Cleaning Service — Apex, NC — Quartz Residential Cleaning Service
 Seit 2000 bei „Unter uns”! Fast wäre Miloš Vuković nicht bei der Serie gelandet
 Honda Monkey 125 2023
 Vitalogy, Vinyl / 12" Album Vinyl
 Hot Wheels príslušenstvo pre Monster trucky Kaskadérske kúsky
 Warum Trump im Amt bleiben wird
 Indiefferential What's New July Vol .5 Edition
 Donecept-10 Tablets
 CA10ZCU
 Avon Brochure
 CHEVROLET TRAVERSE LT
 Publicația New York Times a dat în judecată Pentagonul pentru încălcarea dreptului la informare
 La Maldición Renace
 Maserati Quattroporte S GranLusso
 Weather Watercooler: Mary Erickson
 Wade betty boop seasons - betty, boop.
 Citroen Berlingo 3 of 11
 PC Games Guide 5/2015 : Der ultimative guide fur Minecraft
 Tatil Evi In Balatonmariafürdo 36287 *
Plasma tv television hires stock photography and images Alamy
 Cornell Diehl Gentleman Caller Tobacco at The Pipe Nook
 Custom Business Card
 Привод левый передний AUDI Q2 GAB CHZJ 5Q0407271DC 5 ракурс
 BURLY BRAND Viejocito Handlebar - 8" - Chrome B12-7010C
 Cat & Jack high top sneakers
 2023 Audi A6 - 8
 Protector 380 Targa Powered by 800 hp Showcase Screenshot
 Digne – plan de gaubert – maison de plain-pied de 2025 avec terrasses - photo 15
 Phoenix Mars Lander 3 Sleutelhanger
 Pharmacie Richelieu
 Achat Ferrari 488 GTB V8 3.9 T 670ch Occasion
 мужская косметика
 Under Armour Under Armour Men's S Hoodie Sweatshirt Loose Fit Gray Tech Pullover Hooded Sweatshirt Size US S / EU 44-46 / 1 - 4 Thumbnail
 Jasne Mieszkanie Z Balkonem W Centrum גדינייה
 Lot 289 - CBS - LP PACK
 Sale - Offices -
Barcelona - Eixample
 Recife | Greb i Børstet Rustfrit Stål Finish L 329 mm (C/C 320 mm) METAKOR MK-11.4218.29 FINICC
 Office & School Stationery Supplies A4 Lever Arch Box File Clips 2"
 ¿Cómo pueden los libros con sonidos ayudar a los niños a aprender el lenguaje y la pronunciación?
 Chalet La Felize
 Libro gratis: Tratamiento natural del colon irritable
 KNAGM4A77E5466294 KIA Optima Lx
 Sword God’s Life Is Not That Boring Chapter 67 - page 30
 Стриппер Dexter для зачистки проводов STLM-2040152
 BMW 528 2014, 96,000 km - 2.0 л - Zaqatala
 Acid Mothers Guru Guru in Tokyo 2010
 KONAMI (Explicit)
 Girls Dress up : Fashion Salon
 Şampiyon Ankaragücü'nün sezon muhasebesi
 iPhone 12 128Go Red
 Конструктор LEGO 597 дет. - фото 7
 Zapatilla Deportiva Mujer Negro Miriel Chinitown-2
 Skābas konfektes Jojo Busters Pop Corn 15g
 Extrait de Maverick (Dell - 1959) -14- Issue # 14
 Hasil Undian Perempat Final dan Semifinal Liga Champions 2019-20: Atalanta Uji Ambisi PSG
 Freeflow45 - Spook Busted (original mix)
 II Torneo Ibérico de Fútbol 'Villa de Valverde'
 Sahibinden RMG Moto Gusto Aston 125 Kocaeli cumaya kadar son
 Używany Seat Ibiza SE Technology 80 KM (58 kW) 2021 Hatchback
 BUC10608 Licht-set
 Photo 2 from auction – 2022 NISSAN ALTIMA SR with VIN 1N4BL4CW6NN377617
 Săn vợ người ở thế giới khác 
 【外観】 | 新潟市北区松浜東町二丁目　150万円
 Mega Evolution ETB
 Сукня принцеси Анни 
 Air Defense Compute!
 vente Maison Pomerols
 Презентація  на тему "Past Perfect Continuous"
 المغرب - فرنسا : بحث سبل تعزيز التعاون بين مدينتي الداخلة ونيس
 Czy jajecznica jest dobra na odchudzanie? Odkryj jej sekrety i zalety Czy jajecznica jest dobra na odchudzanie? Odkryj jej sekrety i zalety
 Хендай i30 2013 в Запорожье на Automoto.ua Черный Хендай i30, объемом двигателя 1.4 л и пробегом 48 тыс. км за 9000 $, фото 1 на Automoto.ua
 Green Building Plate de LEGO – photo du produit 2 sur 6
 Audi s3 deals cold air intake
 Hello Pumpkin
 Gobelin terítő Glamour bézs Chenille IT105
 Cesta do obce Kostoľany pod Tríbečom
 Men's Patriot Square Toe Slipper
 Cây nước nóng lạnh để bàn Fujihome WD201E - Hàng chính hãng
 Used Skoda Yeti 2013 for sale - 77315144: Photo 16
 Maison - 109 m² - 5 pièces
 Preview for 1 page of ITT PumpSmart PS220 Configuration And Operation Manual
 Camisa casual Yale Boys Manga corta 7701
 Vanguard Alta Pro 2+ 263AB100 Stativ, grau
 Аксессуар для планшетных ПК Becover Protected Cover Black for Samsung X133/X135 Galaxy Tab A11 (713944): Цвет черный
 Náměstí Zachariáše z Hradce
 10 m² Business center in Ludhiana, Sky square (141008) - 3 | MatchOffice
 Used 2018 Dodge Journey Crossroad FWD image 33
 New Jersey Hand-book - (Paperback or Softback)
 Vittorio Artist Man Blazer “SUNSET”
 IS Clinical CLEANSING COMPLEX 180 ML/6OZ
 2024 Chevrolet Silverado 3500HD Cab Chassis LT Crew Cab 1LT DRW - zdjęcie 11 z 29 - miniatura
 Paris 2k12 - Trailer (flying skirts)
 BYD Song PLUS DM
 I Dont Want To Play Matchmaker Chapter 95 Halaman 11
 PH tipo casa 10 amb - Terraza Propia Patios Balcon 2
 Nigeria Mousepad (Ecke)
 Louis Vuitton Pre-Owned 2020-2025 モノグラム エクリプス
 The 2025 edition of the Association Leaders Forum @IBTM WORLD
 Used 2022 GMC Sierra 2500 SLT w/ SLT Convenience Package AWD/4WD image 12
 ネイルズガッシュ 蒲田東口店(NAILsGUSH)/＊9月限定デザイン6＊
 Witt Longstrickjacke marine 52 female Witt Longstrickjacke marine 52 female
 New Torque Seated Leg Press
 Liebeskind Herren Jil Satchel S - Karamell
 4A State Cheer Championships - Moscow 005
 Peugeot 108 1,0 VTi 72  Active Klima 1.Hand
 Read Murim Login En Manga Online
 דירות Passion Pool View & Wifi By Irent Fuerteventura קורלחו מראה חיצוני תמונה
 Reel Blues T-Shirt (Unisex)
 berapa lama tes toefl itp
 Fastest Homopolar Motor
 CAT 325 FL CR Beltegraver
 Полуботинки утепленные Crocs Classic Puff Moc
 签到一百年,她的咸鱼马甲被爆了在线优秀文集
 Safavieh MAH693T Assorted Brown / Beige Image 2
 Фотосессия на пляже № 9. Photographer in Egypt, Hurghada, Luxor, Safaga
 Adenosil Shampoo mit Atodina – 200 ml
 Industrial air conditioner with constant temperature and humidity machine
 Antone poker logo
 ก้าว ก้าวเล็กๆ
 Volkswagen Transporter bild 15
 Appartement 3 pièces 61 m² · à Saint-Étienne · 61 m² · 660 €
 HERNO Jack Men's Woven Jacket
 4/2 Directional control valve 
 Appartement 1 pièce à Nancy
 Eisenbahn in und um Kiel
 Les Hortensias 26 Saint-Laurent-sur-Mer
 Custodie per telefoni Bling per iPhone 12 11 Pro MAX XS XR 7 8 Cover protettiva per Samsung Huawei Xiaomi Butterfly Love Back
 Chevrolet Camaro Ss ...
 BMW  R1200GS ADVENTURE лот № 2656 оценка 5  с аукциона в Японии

= = = =

Using the records above, write out exactly the lines between the one holding "Chalet La Felize" and the one holding "BMW 528 2014, 96,000 km - 2.0 л - Zaqatala", inclusive; leave everything else out.

Answer box:
 Chalet La Felize
 Libro gratis: Tratamiento natural del colon irritable
 KNAGM4A77E5466294 KIA Optima Lx
 Sword God’s Life Is Not That Boring Chapter 67 - page 30
 Стриппер Dexter для зачистки проводов STLM-2040152
 BMW 528 2014, 96,000 km - 2.0 л - Zaqatala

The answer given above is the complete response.